I had envisaged that CapPython would work in a similar way. Module imports would be checked against a whitelisted set. Uses of builtin functions would be checked: len would be allowed, but open would be rejected. CapPython code would be loaded through Python's normal module loader; code would be installed by adding it to PYTHONPATH as usual. (One difference from Joe-E is that CapPython would not be able to statically block the use of a method from a particular class or interface, because Python is not statically typed. CapPython can block methods only by their name.)
But there are some problems with this approach:
- This provides a way to block builtins such as getattr and open, but not to replace them. We would want to change getattr to reject (at runtime) attribute names starting with "_". We could introduce a safe_getattr function, but we'd have to change code to import and use a differently named function.

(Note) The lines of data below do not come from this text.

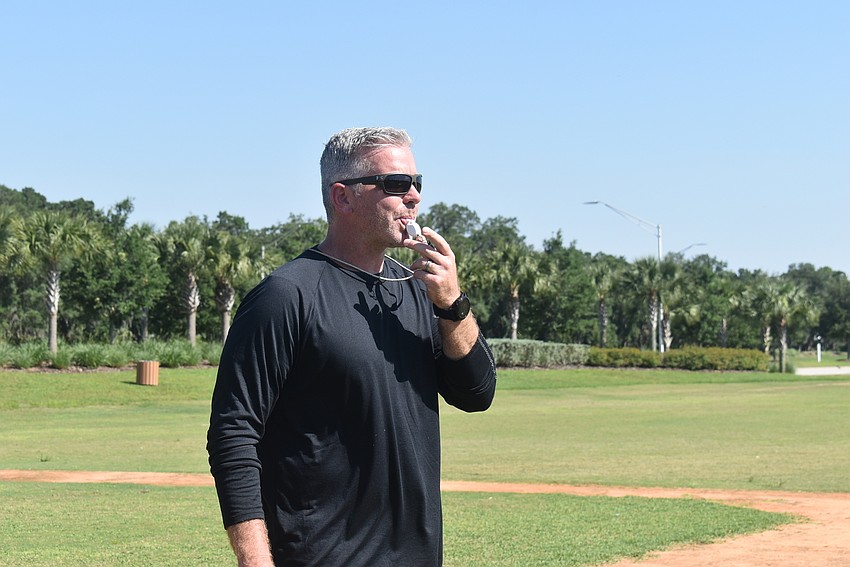 Anchor Fitness & Performance owner Graham Anderson blows his whistle to signal the start of sprints.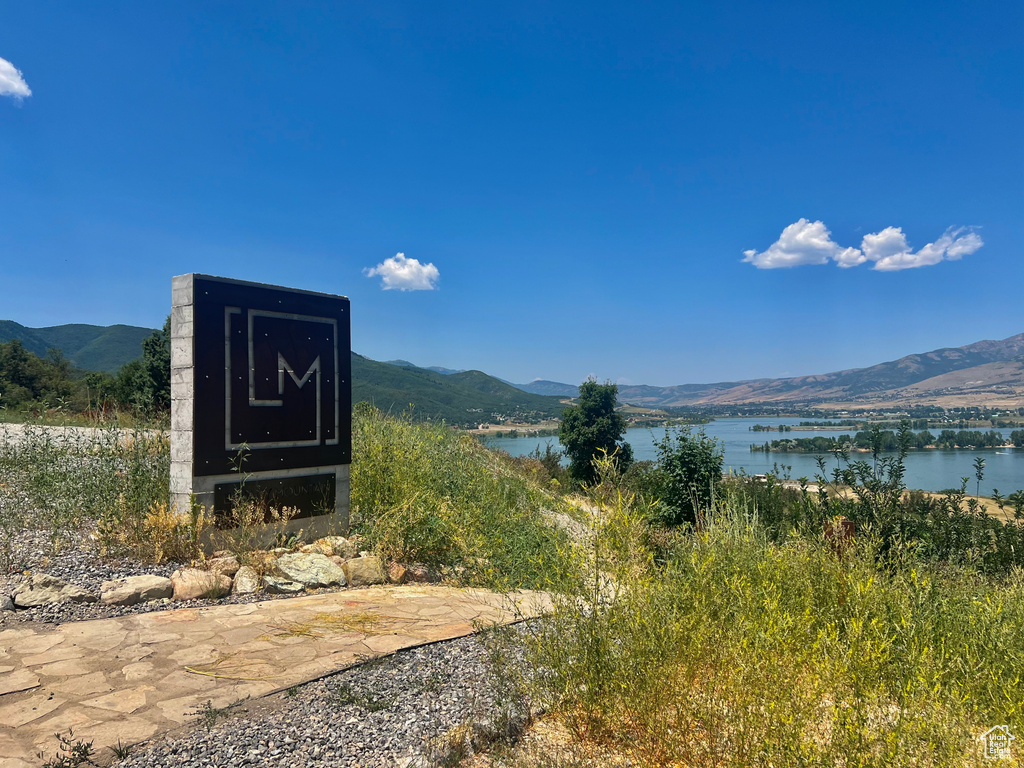 View of mountain background featuring a nearby body of water
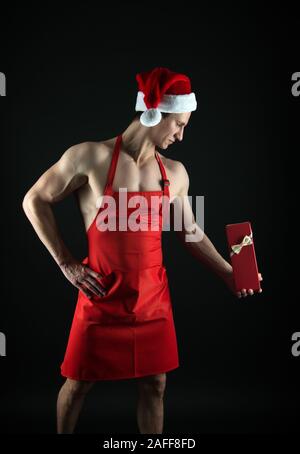 Meilleur cadeau de Noël pour la remise en forme, bien-être et les amateurs de sport. Homme fort tenir boîte-cadeau. Athletic cook avec cadeau de Noël. Fête de Saint Nicolas. Boxing day. Nouvelle année présents. Cadeau du père Noël. Banque D'Images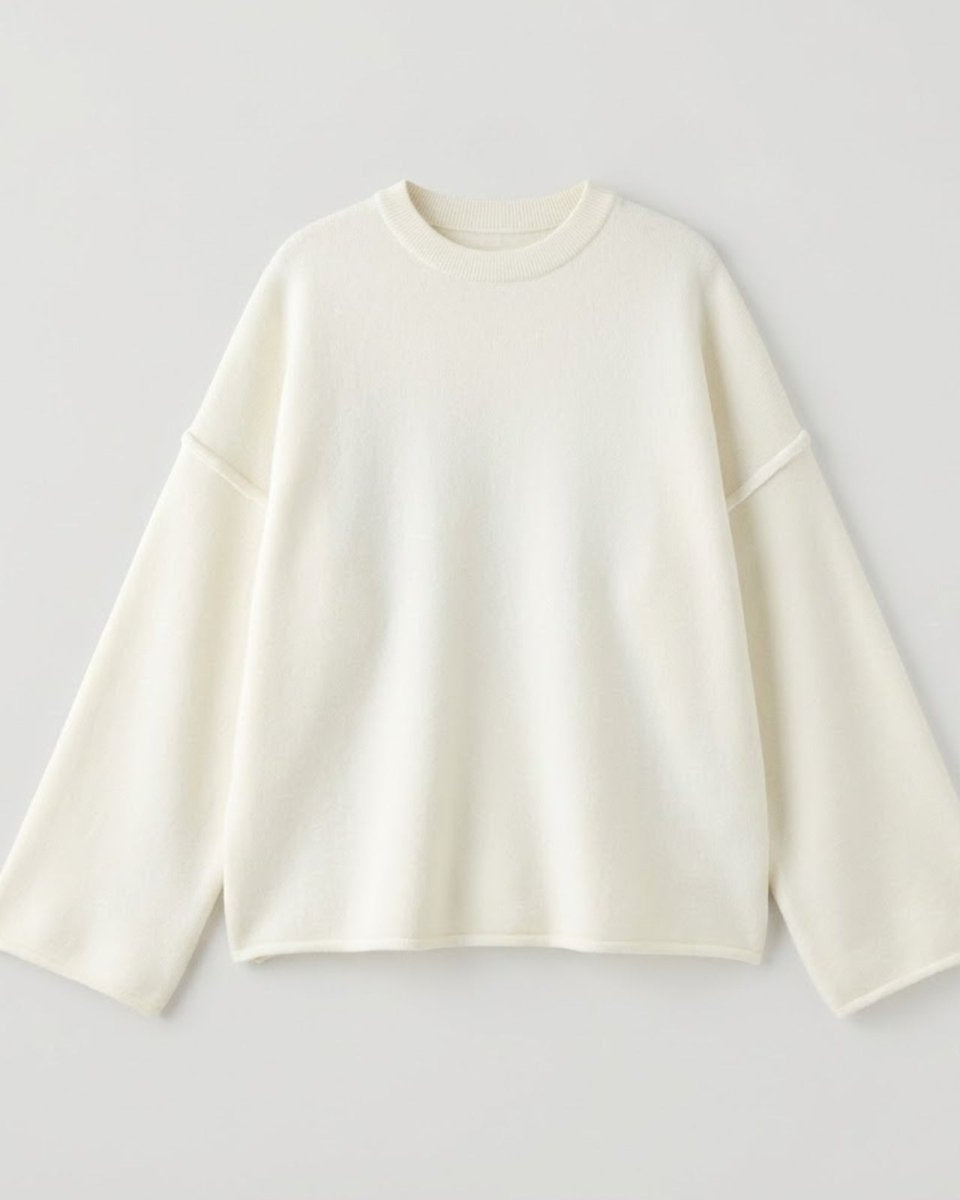 Flat lay of the Krystal sweater in ivory, displaying the mock neckline, external seams, and luxurious soft knit texture on a white surface.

- It makes it hard to modify or replace modules.
- In turn, that makes it hard to subset modules. Suppose you want to allow os.path.join, but not the rest of os. Doing this via a static check is awkward; it would have to block use of os as a first class value.
- It makes it harder to apply rewriting to code, if it turns out that CapPython needs to be a rewriter and not just a verifier.
- It would require reasoning about Python's module loader.
- It's not clear who does the checking and who initiates the loading, so there could be a risk that the two are not operating on the same code.
- It relies on global state like PYTHONPATH, sys.modules and the filesystem.
- It doesn't let us instantiate modules multiple times. Sometimes you want to instantiate a module multiple times because it contains mutable state, or because you want the instantiations to use different imports. Some Python libraries have global state that would be awkward to remove, such as Twisted's default reactor (an event dispatcher). Joe-E rejects global state by rejecting static variables, but this is much harder to do in Python.
There is a simpler, more flexible approach, which is closer to what E and Caja/Cajita do: implement a custom module loader, and load all CapPython code through that. All imports that a CapPython module does would also go through the custom module loader.
It just so happens that Python provides enough machinery for that to work. Python's exec interface makes it possible to execute source code in a custom top-level scope, and that scope does not have to include Python's builtins if you set the special __builtins__ variable in the scope. Behind the scenes, Python's "import" statement is implemented via a function called __import__ which the interpreter looks up from a module's top-level scope as __builtins__["__import__"], so it can be replaced on a per-module basis.
Rather than trying to statically verify that Python's default global scope (which includes its default unsafe module importer and unsafe builtins) is used safely, we just substitute a safe scope - "scope substitution", as Mark Miller referred to it.
This is now implemented in CapPython. It has a "safe eval" function and a module loader. The aim is that the module loader will be able to run as untrusted CapPython code. Currently the module loader uses open to read files, so it has the run of the filesystem, but eventually that will be tamed.
I am surprised that custom module loaders are not used more often in Python.
I imagine Joe-E could work the same way, because Java allows you to create new class loaders.